Resolve all Jar token addresses from the Pickle API
Pickle provides an API endpoint that lists out all of the jar tokens across all supported networks on the Pickle application.
We'll make use of this endpoint to list out all of our tokens.
// ...
// Define a partial of the return type from the Pickle API
export type PickleVaultDetails = {
jarAddress: string;
network: string;
apy: number;
};
@Register.TokenPositionFetcher({ appId, groupId, network })
export class EthereumPickleJarTokenFetcher
implements PositionFetcher<AppTokenPosition>
{
constructor(
@Inject(APP_TOOLKIT) private readonly appToolkit: IAppToolkit,
@Inject(PickleContractFactory)
private readonly pickleContractFactory: PickleContractFactory
) {}
async getPositions() {
// Retrieve pool addresses from the Pickle API
const endpoint = "https://api.pickle.finance/prod/protocol/pools";
const data = await Axios.get<PickleVaultDetails[]>(endpoint).then(
(v) => v.data
);
const ethData = data.filter(({ network }) => network === "eth");
const jarAddresses = ethData.map(({ jarAddress }) =>
jarAddress.toLowerCase()
);
const jarAddressToDetails = _.keyBy(ethData, (v) =>
v.jarAddress.toLowerCase()
);
// Return _anything_ so we can see a result right now!
return jarAddresses as any;
}
}
Easy enough. Let's wire things together and we'll see what happens!
Run the application
We can now run our Pickle application integration and start manually testing
some of our data. We also do not want to run all of the other apps defined in
Studio. Create a .env file at the root, and update it as follows:
ENABLED_APPS=pickle
Now, we can run the Studio development server in the terminal with pnpm dev.
If it started successfully, you can now open
http://localhost:5001/apps/pickle/tokens?groupIds[]=jar&network=ethereum in
your browser. You should see a list of addresses returned, and if you open any
of these addresses in Etherscan, you'll see that they're all Pickle jar tokens.
Hooray 🎉!
Resolve standard ERC20 token properties
Firstly, you may have noticed the return statement being typecast to any in
our current getPositions function body. A TokenFetcher class is actually
expected to return a list of AppTokenPosition objects.
Let's start by retrieving standard ERC20 properties for each jar token:
symbol, decimals, and supply. We'll be making requests using a typed
Ethers contract instance from our ContractFactory to request on-chain data.
We'll also optimize this by using a Multicall wrapper utility to batch contract
calls into a single request.
// ...
@Register.TokenPositionFetcher({ appId, groupId, network })

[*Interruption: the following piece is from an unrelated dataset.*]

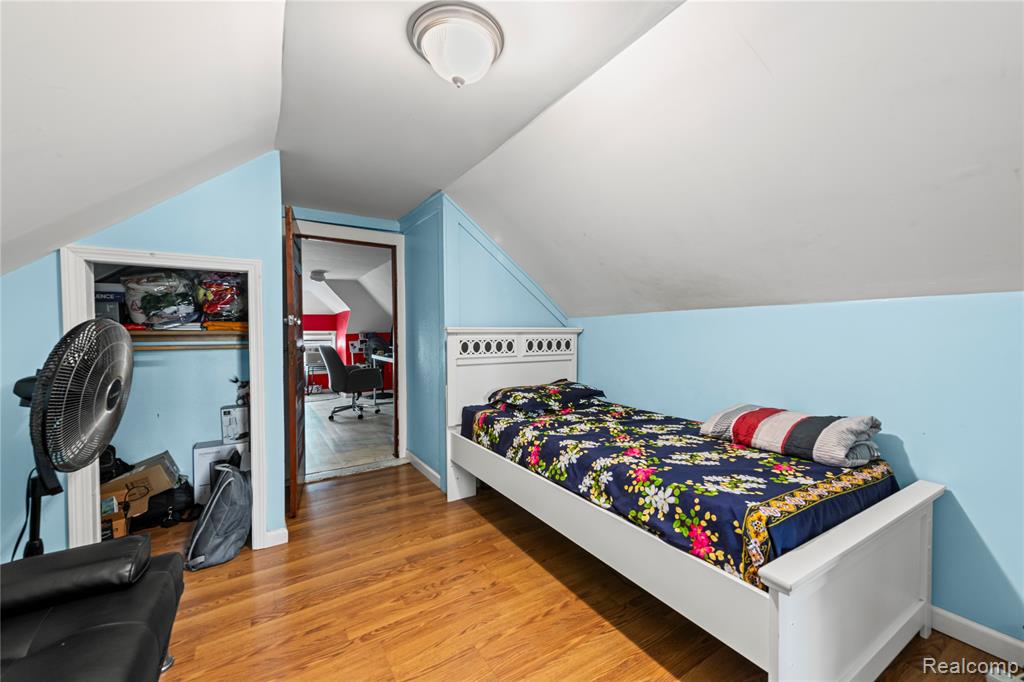 3928 Talbot Street, Detroit, MI 48212 — Photo 14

export class EthereumPickleJarTokenFetcher
implements PositionFetcher<AppTokenPosition>
{
constructor(
@Inject(APP_TOOLKIT) private readonly appToolkit: IAppToolkit,
@Inject(PickleContractFactory)
private readonly pickleContractFactory: PickleContractFactory
) {}
async getPositions() {
// ...
// Create a multicall wrapper instance to batch chain RPC calls together
const multicall = this.appToolkit.getMulticall(network);
// We will build a token object for each jar address, using data retrieved on-chain with Ethers
const tokens = await Promise.all(
jarAddresses.map(async (jarAddress) => {
// Instantiate a smart contract instance pointing to the jar token address
const contract = this.pickleContractFactory.pickleJar({
address: jarAddress,
network,
});
// Request the symbol, decimals, ands supply for the jar token
const [symbol, decimals, supplyRaw] = await Promise.all([
multicall.wrap(contract).symbol(),
multicall.wrap(contract).decimals(),
multicall.wrap(contract).totalSupply(),
]);
// Denormalize the supply
const supply = Number(supplyRaw) / 10 ** decimals;
// Create the token object
const token: AppTokenPosition = {
type: ContractType.APP_TOKEN,
appId,
groupId,
address: jarAddress,
network,
symbol,
decimals,
supply,
};
return token;
})
);
return tokens;
}
}
Resolve the underlying token and ratio
In Web3, composability is king. Tokens wrap other tokens with functionality that provides value to the owner. You may have heard the term DeFi Legos for this reason.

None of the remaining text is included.